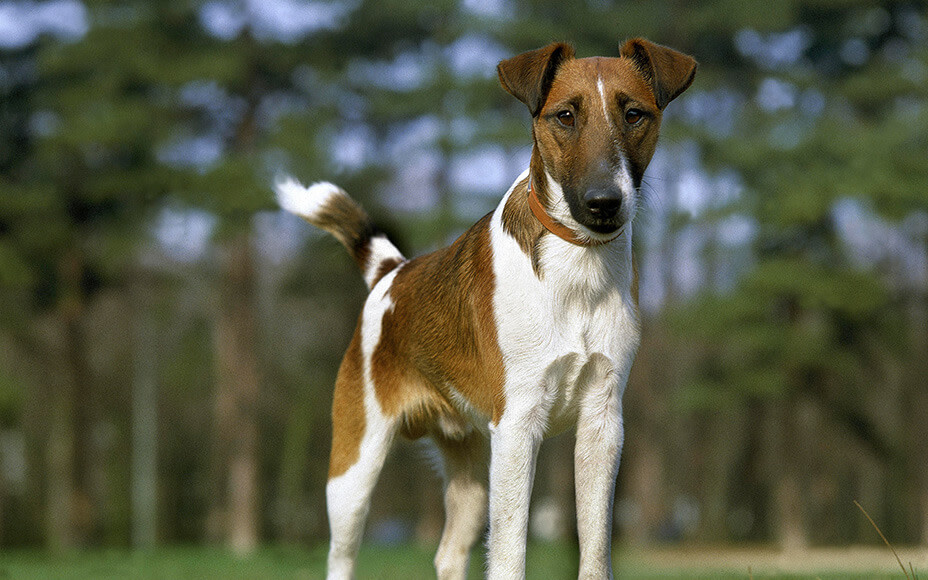 englische hunderassen foxterrier glatt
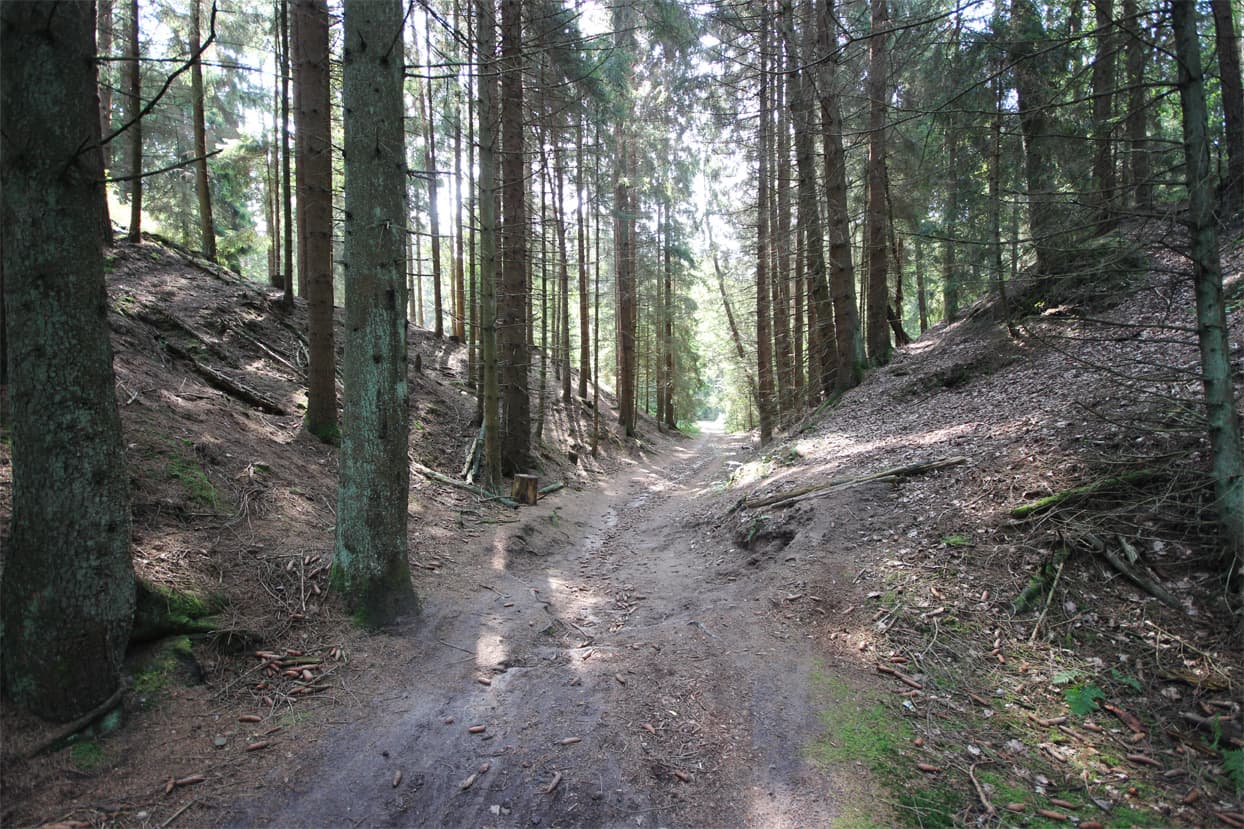 Heidschnuckenweg zur Höllenschlucht Nordheide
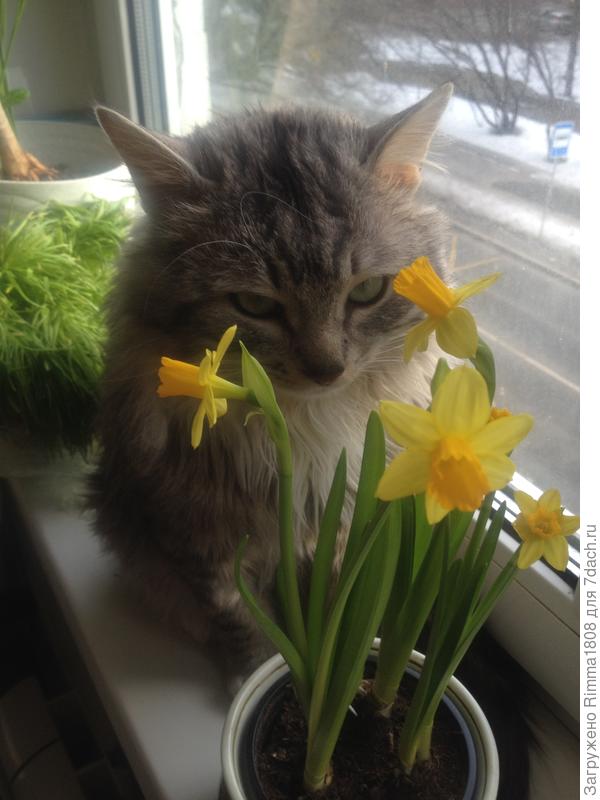 ВСЕХ - с Праздником !!!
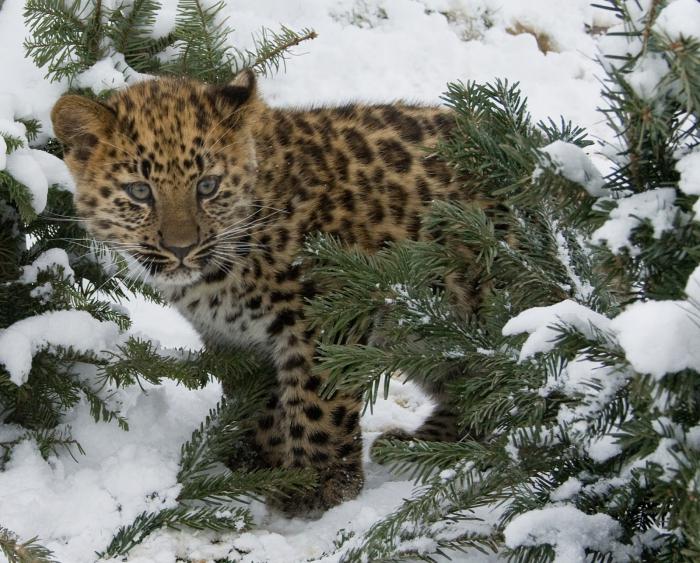 дальневосточный амурский леопард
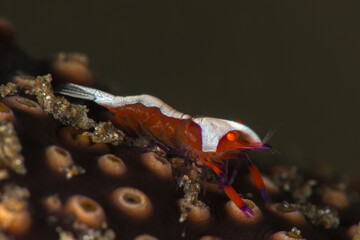 Emperor shrimp, Periclimenes imperator. Romblon Philippines.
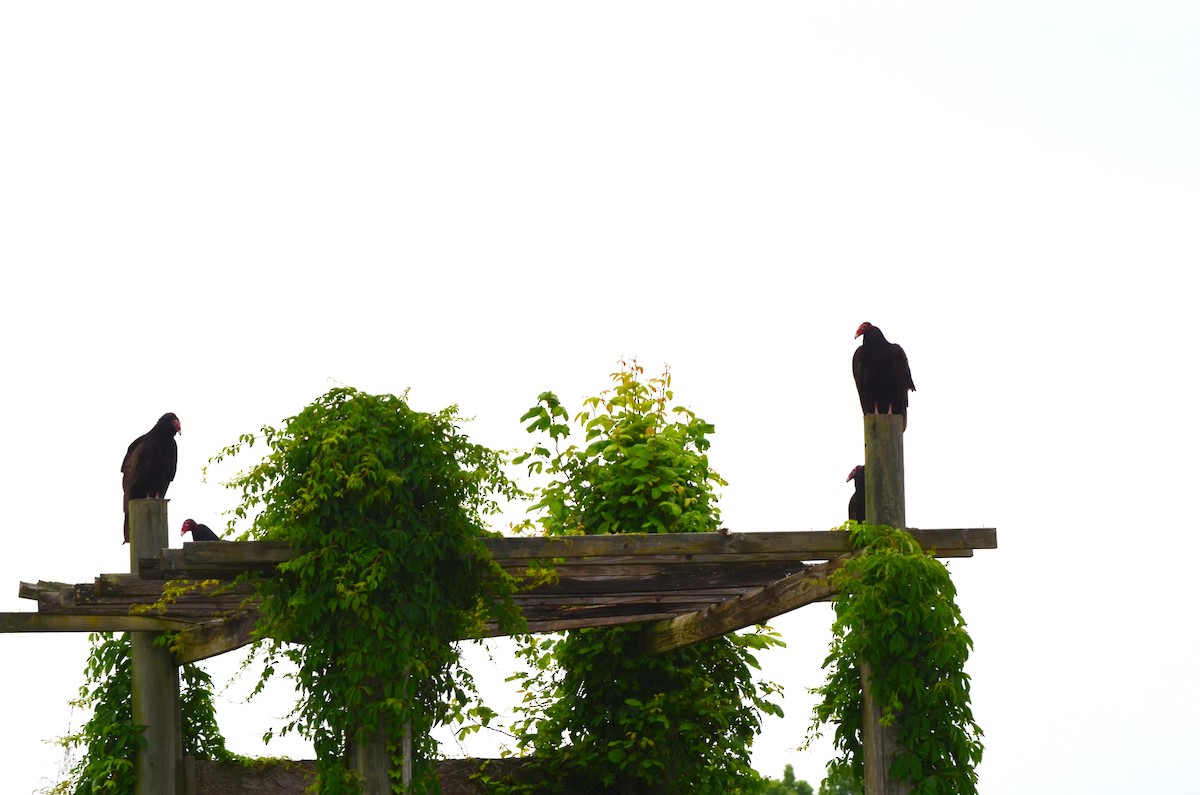 Turkey Vulture - ML618763382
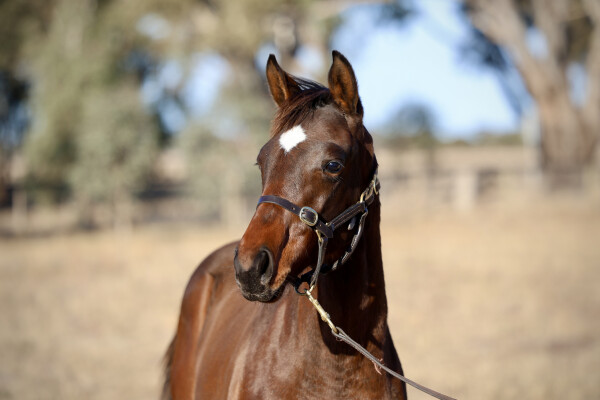 Lot 294: Foxwedge / Annie's Luck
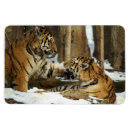 Buscar tigers Naturaleza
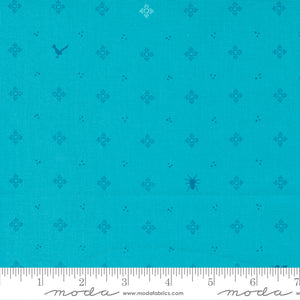 Land of Enchantment - Zia Turquoise
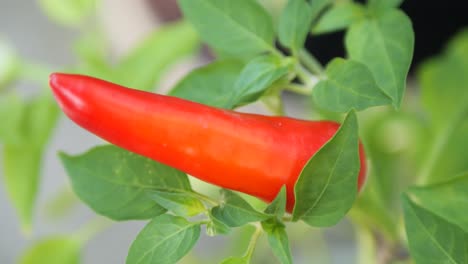 Wachsende-Chilipfefferpflanze-Mit-Roten-Kleinen-Chilis,-Die-In-Einem-Garten-Angebaut-Werden---Nahaufnahme
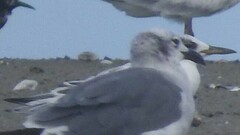 Thalasseus sandvicensis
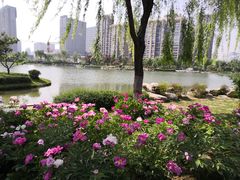-木塔寺遗址生态公园
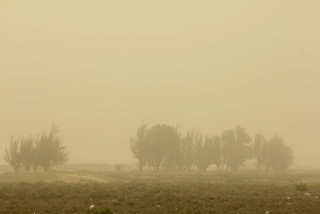 تصویب ۴ قطعنامه در سازمان ملل برای مقابله با پدیده گرد و غبار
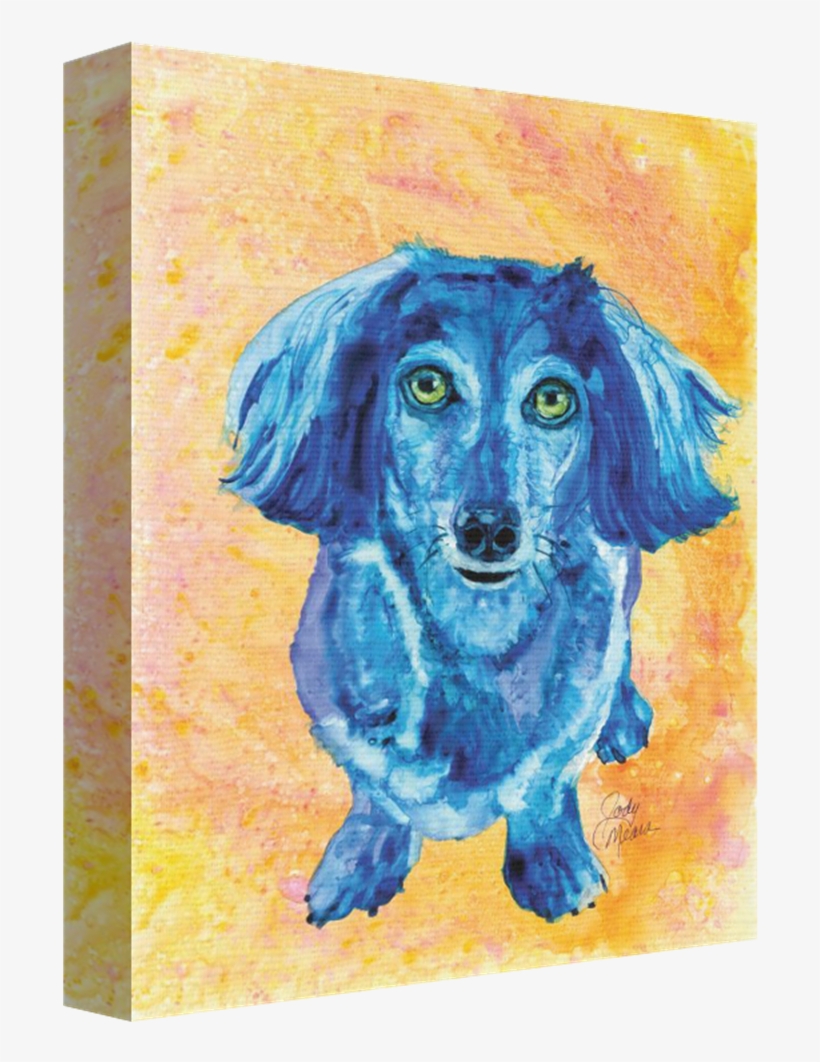 Cleo Dachshund Stretched Canvas - Rainbow Card Company Sc132cl 30cm X 41cm . Stretched, transparent png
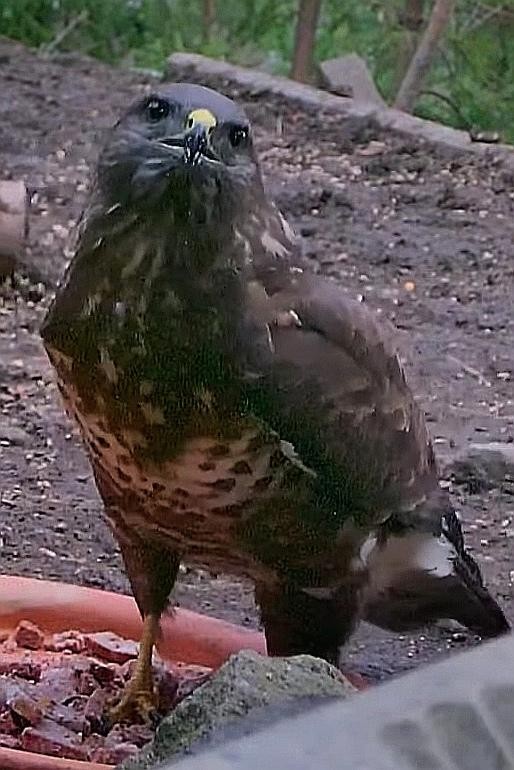 livebirdspoland_4a7742caff6fe4b69c883610b061fd09.jpg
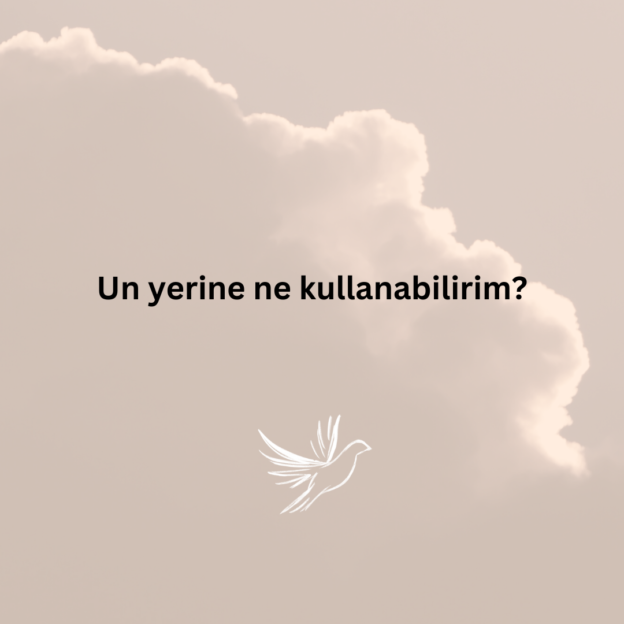 Un yerine ne kullanabilirim? 1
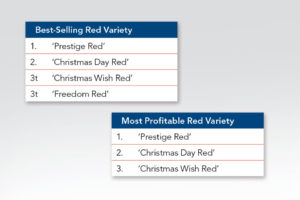 Best-selling Red Poinsettia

• _The problem_: What is needed here is an exact copy of the lines from the line containing "livebirdspoland_4a7742caff6fe4b69c883610b061fd09.jpg" through the end of the records, with every picture left out.

• _Solution for this exercise_:
 livebirdspoland_4a7742caff6fe4b69c883610b061fd09.jpg
 Un yerine ne kullanabilirim? 1
 Best-selling Red Poinsettia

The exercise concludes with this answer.